YOUR ASSIGNMENT ▸
Work through the data below and give the number of lines holding "Design", nothing more.

DATA PROVIDED ▸

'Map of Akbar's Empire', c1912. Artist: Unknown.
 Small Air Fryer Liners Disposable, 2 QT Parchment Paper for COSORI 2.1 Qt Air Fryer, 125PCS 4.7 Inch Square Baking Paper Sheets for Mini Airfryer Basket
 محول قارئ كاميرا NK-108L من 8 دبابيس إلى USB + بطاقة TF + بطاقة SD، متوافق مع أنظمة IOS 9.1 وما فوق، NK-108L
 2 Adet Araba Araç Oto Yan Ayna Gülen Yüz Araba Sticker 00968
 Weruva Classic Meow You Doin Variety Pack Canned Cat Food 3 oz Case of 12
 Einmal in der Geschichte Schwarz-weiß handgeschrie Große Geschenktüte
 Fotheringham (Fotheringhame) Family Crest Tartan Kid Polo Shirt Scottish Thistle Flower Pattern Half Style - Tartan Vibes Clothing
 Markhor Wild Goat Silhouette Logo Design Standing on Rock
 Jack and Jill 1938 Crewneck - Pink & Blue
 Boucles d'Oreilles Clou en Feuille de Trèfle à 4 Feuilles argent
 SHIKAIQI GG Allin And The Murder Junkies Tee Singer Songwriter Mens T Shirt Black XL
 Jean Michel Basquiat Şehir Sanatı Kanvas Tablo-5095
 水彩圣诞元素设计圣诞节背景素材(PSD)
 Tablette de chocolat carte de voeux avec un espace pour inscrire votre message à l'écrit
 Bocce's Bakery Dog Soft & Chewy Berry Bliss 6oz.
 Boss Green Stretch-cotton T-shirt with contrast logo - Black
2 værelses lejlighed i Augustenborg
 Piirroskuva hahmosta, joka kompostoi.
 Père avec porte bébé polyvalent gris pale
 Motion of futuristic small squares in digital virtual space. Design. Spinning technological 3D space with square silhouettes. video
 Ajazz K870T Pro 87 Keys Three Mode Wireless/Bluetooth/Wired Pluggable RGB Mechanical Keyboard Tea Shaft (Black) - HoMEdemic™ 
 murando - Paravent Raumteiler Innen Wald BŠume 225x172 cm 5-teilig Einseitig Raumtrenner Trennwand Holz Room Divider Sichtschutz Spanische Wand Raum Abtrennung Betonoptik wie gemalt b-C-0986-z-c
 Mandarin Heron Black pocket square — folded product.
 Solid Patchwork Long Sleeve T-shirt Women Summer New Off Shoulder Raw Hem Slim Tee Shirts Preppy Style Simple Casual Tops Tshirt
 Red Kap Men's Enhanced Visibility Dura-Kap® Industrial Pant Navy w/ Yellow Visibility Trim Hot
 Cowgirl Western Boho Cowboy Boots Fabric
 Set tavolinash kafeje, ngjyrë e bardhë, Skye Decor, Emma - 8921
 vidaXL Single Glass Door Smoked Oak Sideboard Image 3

ANSWER BOX ▸
2